Sink or Swim 📺
The forgotten period in which the broadcast networks would air “anthology” shows of failed pilots in the middle of the summer.
Hey all, welcome back to Lesser Tedium, the pilot anthology version of Tedium. Wanna see what actually went to series? Subscribe over this way.
In a world of Netflix and Hulu and Paramount+ and Peacock, it can feel weird to consider that television was once something of a bloodsport. There were only so many slots on the dial, and if your show didn’t work, there would always be another option.
Which meant that there were always new pilots being made. Now, pilots aren’t cheap. You are basically doing all the work to set up a potential show, with the bet that it might be successful enough to revisit. The problem was, most pilots are generally failures—universes created for the sake of a handful of executives, only to be seen once.
But did it really have to be that way? For a time, the networks didn’t think so. At various periods throughout their histories, ABC, NBC, and CBS created faux-anthology shows that would do nothing but play these pilots to audiences to see if they might take to them. These pilots would get dumped in the middle of the summer, when people were usually not watching TV, in the hopes that, hey, maybe we’d go for it if we just saw it.
The networks haven’t done this in quite a while, but the most recent network to do so was CBS, whose CBS Summer Playhouse brought us the Jim Henson-created Puppetman (which presumably was autobiographical) and a pilot for a television version of Coming to America.
The public was actually tasked with voting on the different series; if you liked the show, dial 1–900–220–2311; if you didn’t, dial 1–900–220–2322.
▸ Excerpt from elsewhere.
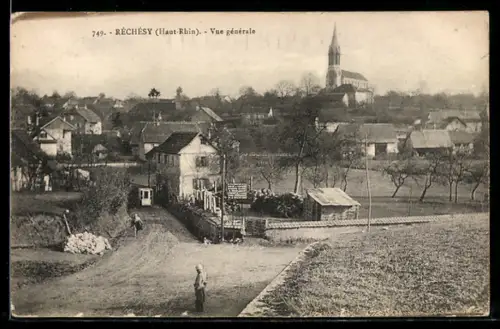 AK Réchésy /Haut-Rhin, Vue générale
The idea of an anthology show built around unsold pilots didn’t work, but another network tried a slightly different tactic and got much better results: Around the same period as the CBS Summer Playhouse was losing steam, NBC just put promising-but-uncommitted pilots on the air as specials, no extra fluff, as a test. The result was at least two major hits for the network that went to series—Seinfeld and Blossom.